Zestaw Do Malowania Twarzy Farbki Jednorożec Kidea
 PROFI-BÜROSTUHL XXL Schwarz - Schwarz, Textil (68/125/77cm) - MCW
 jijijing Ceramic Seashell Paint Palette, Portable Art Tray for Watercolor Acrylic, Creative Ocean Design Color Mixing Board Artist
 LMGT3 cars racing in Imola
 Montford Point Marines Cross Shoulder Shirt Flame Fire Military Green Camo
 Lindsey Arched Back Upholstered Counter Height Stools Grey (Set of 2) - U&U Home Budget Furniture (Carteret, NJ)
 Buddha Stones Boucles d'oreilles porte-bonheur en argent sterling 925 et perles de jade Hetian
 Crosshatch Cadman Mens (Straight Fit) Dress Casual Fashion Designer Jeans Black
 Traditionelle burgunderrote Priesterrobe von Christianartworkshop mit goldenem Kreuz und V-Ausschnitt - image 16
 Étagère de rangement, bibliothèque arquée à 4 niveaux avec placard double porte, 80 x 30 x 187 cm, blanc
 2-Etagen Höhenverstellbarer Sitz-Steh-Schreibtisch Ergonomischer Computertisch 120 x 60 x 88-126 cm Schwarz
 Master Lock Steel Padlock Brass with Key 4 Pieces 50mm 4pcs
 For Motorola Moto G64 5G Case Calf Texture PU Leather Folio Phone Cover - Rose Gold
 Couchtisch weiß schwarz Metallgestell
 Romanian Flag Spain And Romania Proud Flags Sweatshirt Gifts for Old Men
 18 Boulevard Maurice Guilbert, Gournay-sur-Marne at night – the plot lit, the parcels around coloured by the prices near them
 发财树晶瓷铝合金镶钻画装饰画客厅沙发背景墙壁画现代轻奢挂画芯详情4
..............................
- [DESCRIPTION OF THE TASK] Your answer must be the line containing "Crosshatch Cadman Mens" and each line after it in the listing above, copied exactly.

- [ANSWER TO THE EXERCISE]
 Crosshatch Cadman Mens (Straight Fit) Dress Casual Fashion Designer Jeans Black
 Traditionelle burgunderrote Priesterrobe von Christianartworkshop mit goldenem Kreuz und V-Ausschnitt - image 16
 Étagère de rangement, bibliothèque arquée à 4 niveaux avec placard double porte, 80 x 30 x 187 cm, blanc
 2-Etagen Höhenverstellbarer Sitz-Steh-Schreibtisch Ergonomischer Computertisch 120 x 60 x 88-126 cm Schwarz
 Master Lock Steel Padlock Brass with Key 4 Pieces 50mm 4pcs
 For Motorola Moto G64 5G Case Calf Texture PU Leather Folio Phone Cover - Rose Gold
 Couchtisch weiß schwarz Metallgestell
 Romanian Flag Spain And Romania Proud Flags Sweatshirt Gifts for Old Men
 18 Boulevard Maurice Guilbert, Gournay-sur-Marne at night – the plot lit, the parcels around coloured by the prices near them
 发财树晶瓷铝合金镶钻画装饰画客厅沙发背景墙壁画现代轻奢挂画芯详情4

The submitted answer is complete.